Records shown »
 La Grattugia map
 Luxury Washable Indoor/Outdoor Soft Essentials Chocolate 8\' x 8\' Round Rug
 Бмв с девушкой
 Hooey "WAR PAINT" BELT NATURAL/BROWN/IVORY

==

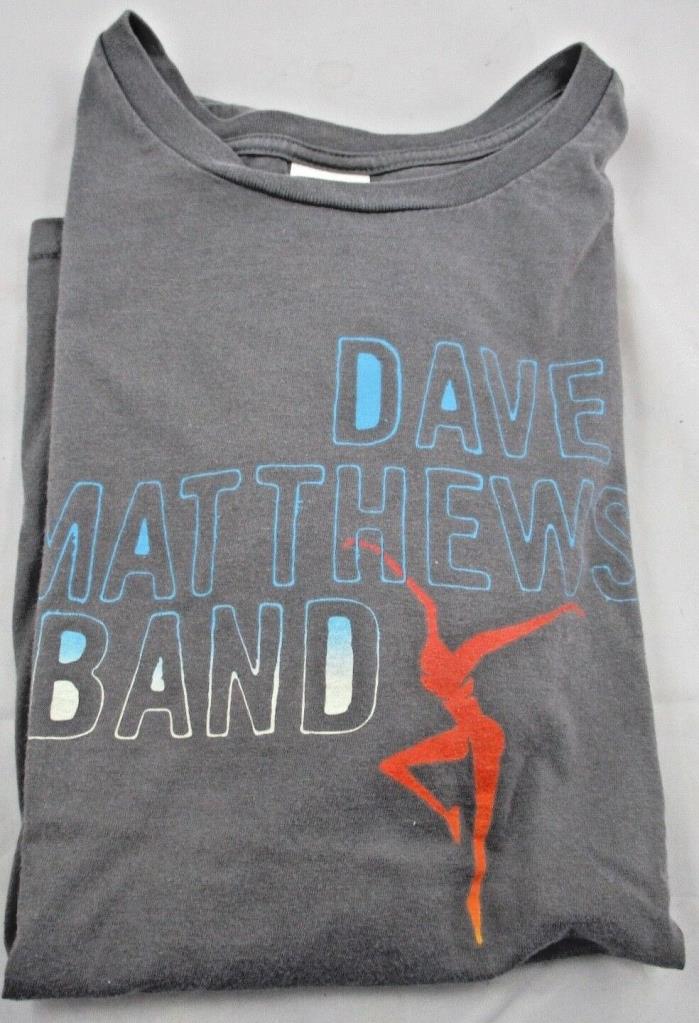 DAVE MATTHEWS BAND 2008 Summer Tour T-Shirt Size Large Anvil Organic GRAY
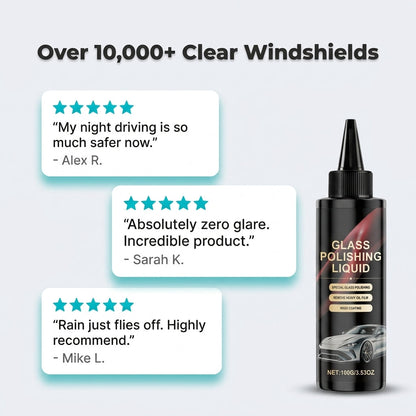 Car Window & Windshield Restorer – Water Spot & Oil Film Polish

What you have to do »
For this exercise, return exactly the lines above from the line with "DAVE MATTHEWS BAND" through the line with "Car Window &", both included. Do not copy the pictures.

Output below »
 DAVE MATTHEWS BAND 2008 Summer Tour T-Shirt Size Large Anvil Organic GRAY
 Car Window & Windshield Restorer – Water Spot & Oil Film Polish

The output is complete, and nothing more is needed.